Der letzte Programmteil "Melodious Modern Masterpieces" führte endgültig in die gegenwärtige, rein fürs Glockenspiel komponierte Literatur. Mit "Image No. 2" von Émilien Allard (1915 bis 1976) wurde das Stück eines gern gehörten kanadischen Carillonneurs und Komponisten aufgeführt. Unüberhörbar und schön herausgehoben dabei die impressionistischen musikalischen Farbtupfer. Mit "Modal Nocturne" von Geert D’hollander (geboren 1965) und einer "Sonatine" von Stefano Colletti (geboren 1973) wurden noch einmal anspruchsvolle, komplexe Kompositionen aufgeführt.

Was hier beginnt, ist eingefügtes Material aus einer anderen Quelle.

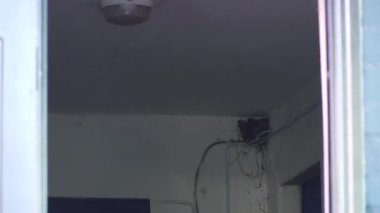 Kırlangıçlar odanın köşesinde iç içe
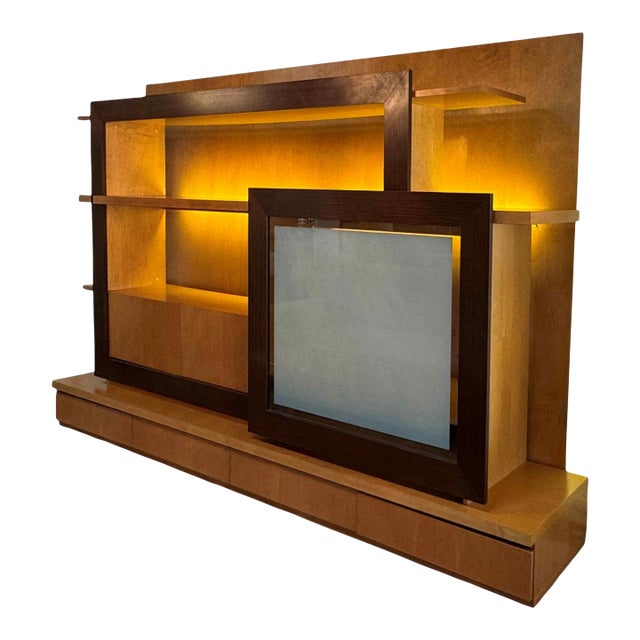 Roche Bobois Custom Wall Unit For Sale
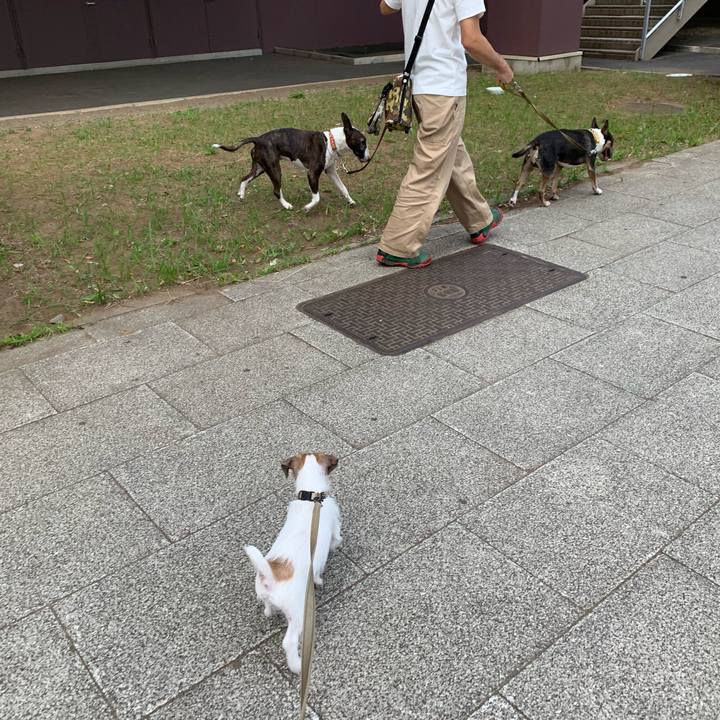 F93565c1 8cf5 48cf b6e5 806556ef4a39 1561109538159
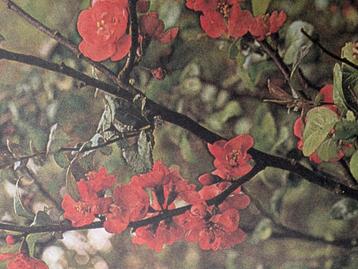 Japanse kweek of chaenomeles beschikbaar voor biedingen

"Royal Queen Fabiola International Carillon Competition" im Juli in Mechelen
Die jeweils mit großem Applaus bedachten Stücke zeigten, dass die Nische Carillonmusik in Illertissen seit dem Einbau des Turmglockenspiels im Jahr 2006 ihren Platz im Kulturleben der Stadt hat. Und umgekehrt: Illertissen ist mit seinem 51 Glocken zählenden Instrument in der Carillonszene bekannt. Peter Bray legte 2022 sein Diplom im Hauptfach Musik an der Australian National University ab und machte 2023 den Abschluss an der Royal Carillon School "Jef Denyn" in Mechelen. Im Juli wird er nach 2019 dort erneut beim berühmten Wettbewerb "Royal Queen Fabiola International Carillon Competition" antreten. Auf dem Weg dorthin hat er sich in Illertissen schon mal warm gespielt.